En effet, l’étude des scandales (communément appelée la “polémique”) fait ressortir la “procédure standard” de communication de crise. Elle passe par de nombreuses phases, notamment de temporisation, mais peut se résumer de la manière suivante: On nie être au courant, on fait semblant de s’en occuper si c’est inévitable et, surtout, on tente de transférer la faute sur quelqu’un d’autre. L’administration précédente, la société, un prestataire, un subordonné, peu importe. Tout est bon à prendre. A titre de comparaison, une excellente gestion du scandale Findus a permis à la marque de survivre au séisme, car l’attention de l’opinion publique fut tournée vers le sous-traitant. Les divers scandales politiques mènent immanquablement à un défilé d’hommes politiques sur les plateaux de télévision, jurant, les yeux écarquillés de candeur, qu’ils ne savaient pas. Disent-ils vrai ou faux? Cela n’a aucune importance: c’est un exercice, une étape nécessaire à la rémission de l’organisation qu’ils représentent.
Non seulement cette voie, pourtant bien maîtrisée, ne fut-elle pas choisie par le Vatican, mais aucune excuse ne fut invoquée: le pape a pris la responsabilité du dossier, se présentant seul comme interlocuteur. La tentation pourtant dut être grande, de reprocher aux souverains précédents d’avoir laissé ces agissements perdurer si longtemps. Elle fut repoussée, en toute connaissance de cause : s’il est moralement recommandable pour un individu de reconnaître ses fautes, c’est un acte kamikaze pour une organisation, et le pape le sait. L’aveu, même du bout des lèvres, mènera immanquablement au déchaînement de l’opinion publique et des media. Afin de permettre la rémission des victimes, et la sienne propre au passage, l’Église a fait le choix d’affronter la tempête, quitte à horrifier tous les experts en communication du monde. Les partisans de la méthode classique auront vite fait d’inscrire ce choix dans une logique de complaisance, mais il n’en est rien. Le pape François a choisi de jeter la lumière sur les faits, comme il était attendu d’un grand nombre. Mais son refus <de la démission du cardinal Barbarin, avant que l’affaire ne se termine, montre qu’il ne souhaite plus obéir ni à la logique du silence et de l’autruche, ni à celle des cris. Déplaire à soi-même, et déplaire aux autres, il aura réussi les deux, en vertu d’un objectif supérieur, celui de la justice qu’il se doit de servir. Plaire à nul autre que Celui qu’il représente sur terre.

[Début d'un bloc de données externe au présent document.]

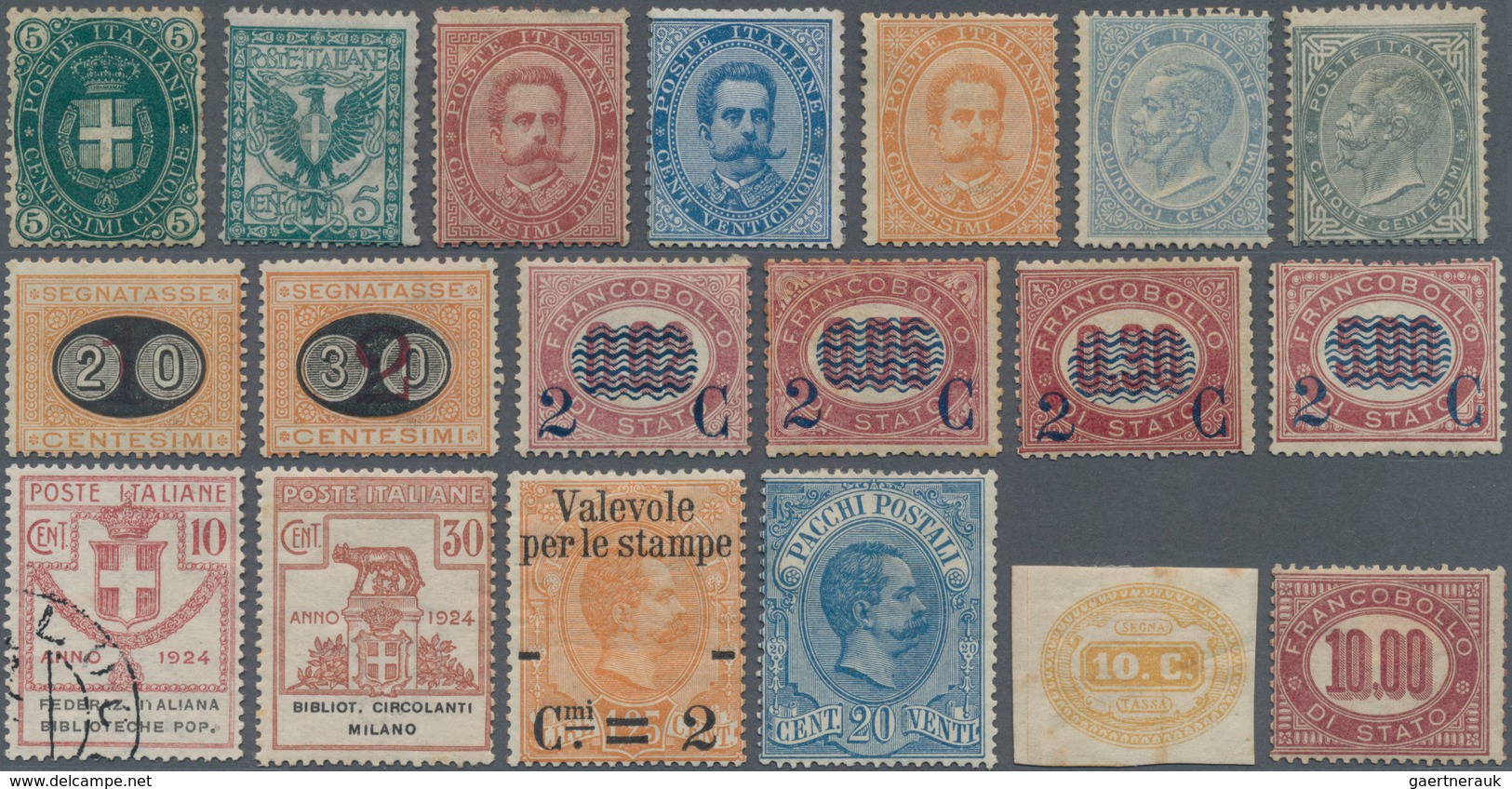 Italien: 1863-1985, Stock of early issues to modern with scarce varieties, mint and used, including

Il serait naïf de penser que le tournant stratégique de l’Eglise au début du siècle, s’est fait par ignorance des codes de la communication ou par maladresse politique. De toute évidence, l’Eglise a enfreint les règles de l’art du marketing dans un choix délibéré et assumé. L’heure actuelle, est à la douleur. Douleur des victimes, des auteurs, de l’Eglise, de la population, de tous. Lorsque la poussière retombera, il apparaîtra clairement que le Vatican a enfin refusé d’obéir à la rue, ou à ses intérêts propres, pour mieux suivre la boussole de Dieu.